# TASK BRIEF:
To complete the exercise, write out all the data exactly.

RAW DATA section start

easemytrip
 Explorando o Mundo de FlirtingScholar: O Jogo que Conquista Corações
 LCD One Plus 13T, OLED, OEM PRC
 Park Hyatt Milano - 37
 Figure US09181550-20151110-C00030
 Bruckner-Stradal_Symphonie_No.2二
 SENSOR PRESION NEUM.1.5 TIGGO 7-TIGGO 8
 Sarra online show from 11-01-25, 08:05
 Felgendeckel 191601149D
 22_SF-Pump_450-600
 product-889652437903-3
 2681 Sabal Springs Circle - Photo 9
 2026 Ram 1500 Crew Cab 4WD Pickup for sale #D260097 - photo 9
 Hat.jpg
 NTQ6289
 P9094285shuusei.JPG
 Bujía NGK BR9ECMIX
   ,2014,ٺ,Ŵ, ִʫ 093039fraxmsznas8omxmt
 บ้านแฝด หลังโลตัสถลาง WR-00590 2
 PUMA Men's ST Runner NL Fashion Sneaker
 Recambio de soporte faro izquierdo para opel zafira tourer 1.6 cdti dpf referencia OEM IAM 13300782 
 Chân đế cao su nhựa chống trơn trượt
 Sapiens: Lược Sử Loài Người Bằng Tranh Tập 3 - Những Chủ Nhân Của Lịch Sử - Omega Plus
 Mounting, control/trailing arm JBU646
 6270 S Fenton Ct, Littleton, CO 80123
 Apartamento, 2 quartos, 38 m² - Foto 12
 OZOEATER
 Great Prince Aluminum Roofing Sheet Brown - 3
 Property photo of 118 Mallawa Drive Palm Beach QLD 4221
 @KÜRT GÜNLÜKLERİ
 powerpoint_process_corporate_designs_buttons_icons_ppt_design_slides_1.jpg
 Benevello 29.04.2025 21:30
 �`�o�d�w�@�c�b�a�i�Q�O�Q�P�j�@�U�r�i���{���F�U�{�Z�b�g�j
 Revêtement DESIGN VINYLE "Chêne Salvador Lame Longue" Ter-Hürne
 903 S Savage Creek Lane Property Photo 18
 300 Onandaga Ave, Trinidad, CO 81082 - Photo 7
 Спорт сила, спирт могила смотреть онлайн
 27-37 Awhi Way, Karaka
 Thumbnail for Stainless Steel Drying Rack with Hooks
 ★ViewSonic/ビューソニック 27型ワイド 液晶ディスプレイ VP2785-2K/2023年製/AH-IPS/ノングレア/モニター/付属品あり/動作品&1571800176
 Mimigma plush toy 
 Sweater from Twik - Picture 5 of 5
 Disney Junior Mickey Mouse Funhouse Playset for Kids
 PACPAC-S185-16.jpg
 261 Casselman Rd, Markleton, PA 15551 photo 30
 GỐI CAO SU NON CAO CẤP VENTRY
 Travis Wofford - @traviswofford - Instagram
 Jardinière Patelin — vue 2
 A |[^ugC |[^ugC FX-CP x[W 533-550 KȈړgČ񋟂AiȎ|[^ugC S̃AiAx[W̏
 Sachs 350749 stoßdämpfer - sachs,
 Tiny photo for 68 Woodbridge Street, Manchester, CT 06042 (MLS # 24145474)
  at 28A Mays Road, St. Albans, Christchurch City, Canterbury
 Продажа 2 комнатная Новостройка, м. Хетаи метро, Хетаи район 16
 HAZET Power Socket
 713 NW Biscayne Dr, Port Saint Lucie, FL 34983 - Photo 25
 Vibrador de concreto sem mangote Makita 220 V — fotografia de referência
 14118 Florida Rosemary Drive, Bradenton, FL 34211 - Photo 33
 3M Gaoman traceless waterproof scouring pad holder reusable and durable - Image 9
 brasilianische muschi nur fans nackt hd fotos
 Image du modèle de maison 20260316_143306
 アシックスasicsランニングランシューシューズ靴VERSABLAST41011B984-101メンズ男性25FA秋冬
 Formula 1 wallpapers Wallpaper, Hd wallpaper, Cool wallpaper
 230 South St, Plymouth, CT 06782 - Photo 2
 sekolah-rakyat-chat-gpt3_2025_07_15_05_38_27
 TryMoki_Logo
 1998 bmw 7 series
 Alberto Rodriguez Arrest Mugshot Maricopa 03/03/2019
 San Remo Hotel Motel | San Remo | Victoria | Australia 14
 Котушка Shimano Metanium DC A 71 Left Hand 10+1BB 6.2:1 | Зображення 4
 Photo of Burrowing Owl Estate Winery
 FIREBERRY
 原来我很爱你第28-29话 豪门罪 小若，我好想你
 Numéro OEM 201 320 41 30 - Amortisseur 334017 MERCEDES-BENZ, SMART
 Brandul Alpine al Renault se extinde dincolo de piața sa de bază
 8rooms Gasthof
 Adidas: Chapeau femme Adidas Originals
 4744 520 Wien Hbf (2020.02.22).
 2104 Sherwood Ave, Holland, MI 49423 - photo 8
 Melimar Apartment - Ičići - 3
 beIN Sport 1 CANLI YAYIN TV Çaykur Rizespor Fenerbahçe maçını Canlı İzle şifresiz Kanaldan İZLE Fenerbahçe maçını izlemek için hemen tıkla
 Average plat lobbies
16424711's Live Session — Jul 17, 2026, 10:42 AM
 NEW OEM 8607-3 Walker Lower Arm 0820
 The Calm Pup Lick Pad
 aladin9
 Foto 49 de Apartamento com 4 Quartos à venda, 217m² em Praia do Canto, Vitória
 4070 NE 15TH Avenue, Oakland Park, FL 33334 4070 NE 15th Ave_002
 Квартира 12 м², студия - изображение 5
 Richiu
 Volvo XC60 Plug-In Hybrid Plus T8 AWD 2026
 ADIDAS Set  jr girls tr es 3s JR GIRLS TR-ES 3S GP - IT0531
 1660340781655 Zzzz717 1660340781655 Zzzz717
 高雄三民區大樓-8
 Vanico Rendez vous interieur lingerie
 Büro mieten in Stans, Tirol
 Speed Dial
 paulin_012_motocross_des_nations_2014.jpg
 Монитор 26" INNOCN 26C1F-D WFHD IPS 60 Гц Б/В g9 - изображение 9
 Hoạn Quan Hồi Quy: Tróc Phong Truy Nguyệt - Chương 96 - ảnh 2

RAW DATA section end

# WRITTEN ANSWER:
easemytrip
 Explorando o Mundo de FlirtingScholar: O Jogo que Conquista Corações
 LCD One Plus 13T, OLED, OEM PRC
 Park Hyatt Milano - 37
 Figure US09181550-20151110-C00030
 Bruckner-Stradal_Symphonie_No.2二
 SENSOR PRESION NEUM.1.5 TIGGO 7-TIGGO 8
 Sarra online show from 11-01-25, 08:05
 Felgendeckel 191601149D
 22_SF-Pump_450-600
 product-889652437903-3
 2681 Sabal Springs Circle - Photo 9
 2026 Ram 1500 Crew Cab 4WD Pickup for sale #D260097 - photo 9
 Hat.jpg
 NTQ6289
 P9094285shuusei.JPG
 Bujía NGK BR9ECMIX
   ,2014,ٺ,Ŵ, ִʫ 093039fraxmsznas8omxmt
 บ้านแฝด หลังโลตัสถลาง WR-00590 2
 PUMA Men's ST Runner NL Fashion Sneaker
 Recambio de soporte faro izquierdo para opel zafira tourer 1.6 cdti dpf referencia OEM IAM 13300782 
 Chân đế cao su nhựa chống trơn trượt
 Sapiens: Lược Sử Loài Người Bằng Tranh Tập 3 - Những Chủ Nhân Của Lịch Sử - Omega Plus
 Mounting, control/trailing arm JBU646
 6270 S Fenton Ct, Littleton, CO 80123
 Apartamento, 2 quartos, 38 m² - Foto 12
 OZOEATER
 Great Prince Aluminum Roofing Sheet Brown - 3
 Property photo of 118 Mallawa Drive Palm Beach QLD 4221
 @KÜRT GÜNLÜKLERİ
 powerpoint_process_corporate_designs_buttons_icons_ppt_design_slides_1.jpg
 Benevello 29.04.2025 21:30
 �`�o�d�w�@�c�b�a�i�Q�O�Q�P�j�@�U�r�i���{���F�U�{�Z�b�g�j
 Revêtement DESIGN VINYLE "Chêne Salvador Lame Longue" Ter-Hürne
 903 S Savage Creek Lane Property Photo 18
 300 Onandaga Ave, Trinidad, CO 81082 - Photo 7
 Спорт сила, спирт могила смотреть онлайн
 27-37 Awhi Way, Karaka
 Thumbnail for Stainless Steel Drying Rack with Hooks
 ★ViewSonic/ビューソニック 27型ワイド 液晶ディスプレイ VP2785-2K/2023年製/AH-IPS/ノングレア/モニター/付属品あり/動作品&1571800176
 Mimigma plush toy 
 Sweater from Twik - Picture 5 of 5
 Disney Junior Mickey Mouse Funhouse Playset for Kids
 PACPAC-S185-16.jpg
 261 Casselman Rd, Markleton, PA 15551 photo 30
 GỐI CAO SU NON CAO CẤP VENTRY
 Travis Wofford - @traviswofford - Instagram
 Jardinière Patelin — vue 2
 A |[^ugC |[^ugC FX-CP x[W 533-550 KȈړgČ񋟂AiȎ|[^ugC S̃AiAx[W̏
 Sachs 350749 stoßdämpfer - sachs,
 Tiny photo for 68 Woodbridge Street, Manchester, CT 06042 (MLS # 24145474)
  at 28A Mays Road, St. Albans, Christchurch City, Canterbury
 Продажа 2 комнатная Новостройка, м. Хетаи метро, Хетаи район 16
 HAZET Power Socket
 713 NW Biscayne Dr, Port Saint Lucie, FL 34983 - Photo 25
 Vibrador de concreto sem mangote Makita 220 V — fotografia de referência
 14118 Florida Rosemary Drive, Bradenton, FL 34211 - Photo 33
 3M Gaoman traceless waterproof scouring pad holder reusable and durable - Image 9
 brasilianische muschi nur fans nackt hd fotos
 Image du modèle de maison 20260316_143306
 アシックスasicsランニングランシューシューズ靴VERSABLAST41011B984-101メンズ男性25FA秋冬
 Formula 1 wallpapers Wallpaper, Hd wallpaper, Cool wallpaper
 230 South St, Plymouth, CT 06782 - Photo 2
 sekolah-rakyat-chat-gpt3_2025_07_15_05_38_27
 TryMoki_Logo
 1998 bmw 7 series
 Alberto Rodriguez Arrest Mugshot Maricopa 03/03/2019
 San Remo Hotel Motel | San Remo | Victoria | Australia 14
 Котушка Shimano Metanium DC A 71 Left Hand 10+1BB 6.2:1 | Зображення 4
 Photo of Burrowing Owl Estate Winery
 FIREBERRY
 原来我很爱你第28-29话 豪门罪 小若，我好想你
 Numéro OEM 201 320 41 30 - Amortisseur 334017 MERCEDES-BENZ, SMART
 Brandul Alpine al Renault se extinde dincolo de piața sa de bază
 8rooms Gasthof
 Adidas: Chapeau femme Adidas Originals
 4744 520 Wien Hbf (2020.02.22).
 2104 Sherwood Ave, Holland, MI 49423 - photo 8
 Melimar Apartment - Ičići - 3
 beIN Sport 1 CANLI YAYIN TV Çaykur Rizespor Fenerbahçe maçını Canlı İzle şifresiz Kanaldan İZLE Fenerbahçe maçını izlemek için hemen tıkla
 Average plat lobbies
16424711's Live Session — Jul 17, 2026, 10:42 AM
 NEW OEM 8607-3 Walker Lower Arm 0820
 The Calm Pup Lick Pad
 aladin9
 Foto 49 de Apartamento com 4 Quartos à venda, 217m² em Praia do Canto, Vitória
 4070 NE 15TH Avenue, Oakland Park, FL 33334 4070 NE 15th Ave_002
 Квартира 12 м², студия - изображение 5
 Richiu
 Volvo XC60 Plug-In Hybrid Plus T8 AWD 2026
 ADIDAS Set  jr girls tr es 3s JR GIRLS TR-ES 3S GP - IT0531
 1660340781655 Zzzz717 1660340781655 Zzzz717
 高雄三民區大樓-8
 Vanico Rendez vous interieur lingerie
 Büro mieten in Stans, Tirol
 Speed Dial
 paulin_012_motocross_des_nations_2014.jpg
 Монитор 26" INNOCN 26C1F-D WFHD IPS 60 Гц Б/В g9 - изображение 9
 Hoạn Quan Hồi Quy: Tróc Phong Truy Nguyệt - Chương 96 - ảnh 2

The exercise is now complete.